== Given information ==
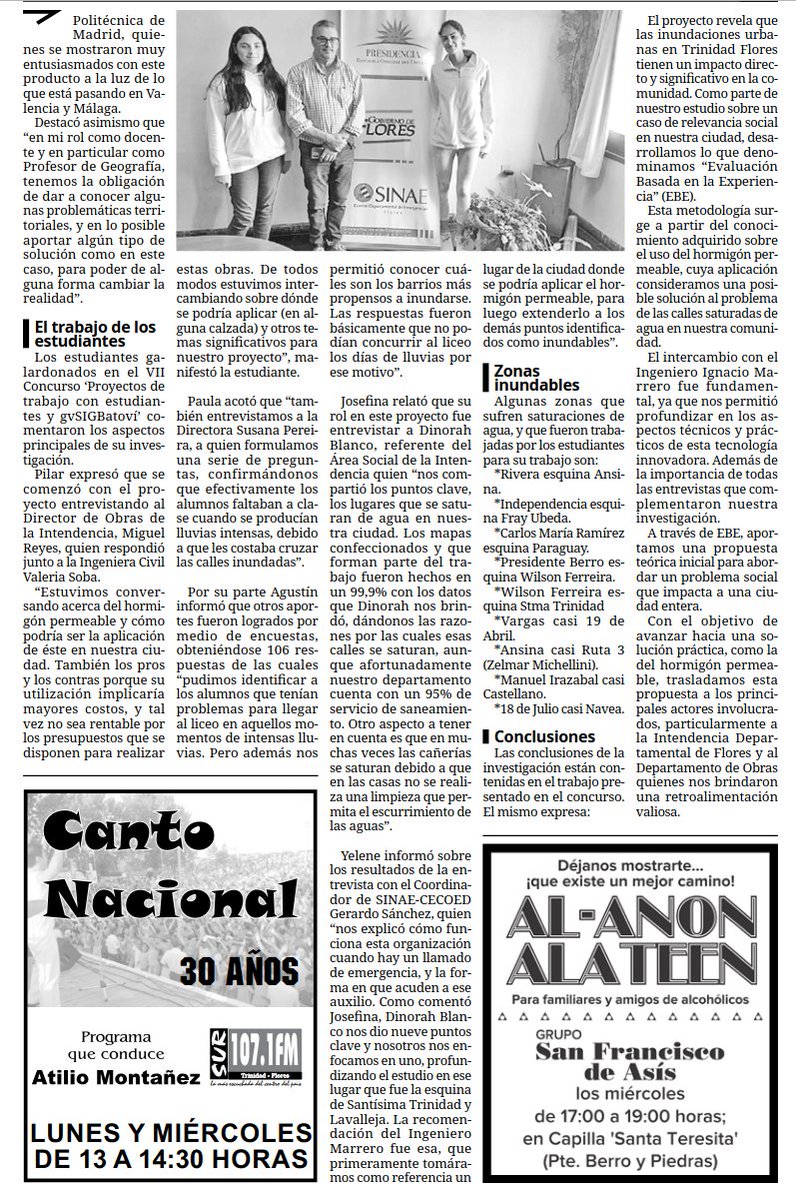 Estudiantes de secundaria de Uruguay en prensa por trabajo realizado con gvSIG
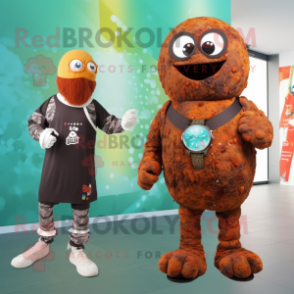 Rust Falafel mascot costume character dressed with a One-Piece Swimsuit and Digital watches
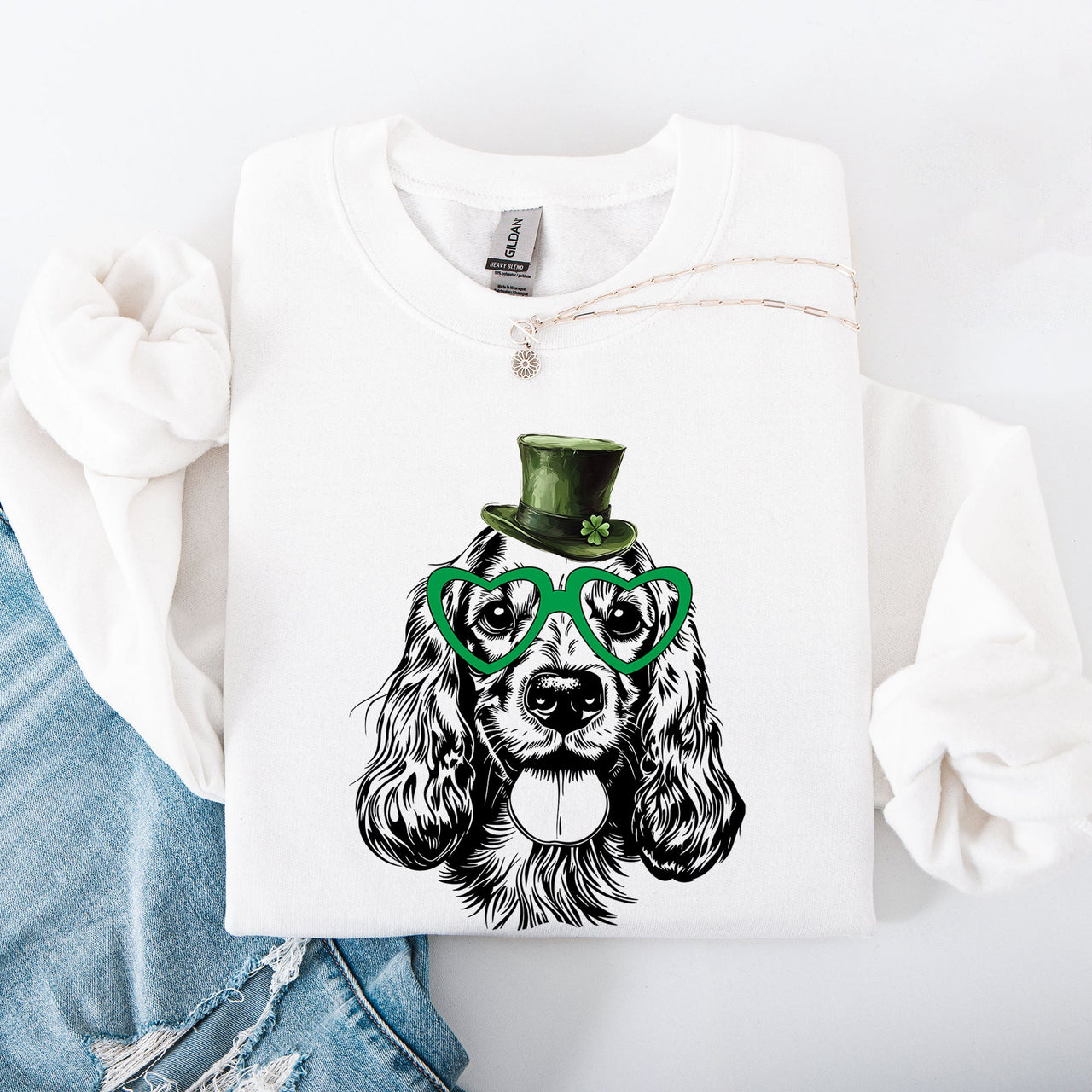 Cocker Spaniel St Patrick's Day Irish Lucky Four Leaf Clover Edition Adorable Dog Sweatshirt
===
=== Instructions for the task ===
Each line above should be returned exactly as it stands, minus any pictures.

=== Your response ===
 Estudiantes de secundaria de Uruguay en prensa por trabajo realizado con gvSIG
 Rust Falafel mascot costume character dressed with a One-Piece Swimsuit and Digital watches
 Cocker Spaniel St Patrick's Day Irish Lucky Four Leaf Clover Edition Adorable Dog Sweatshirt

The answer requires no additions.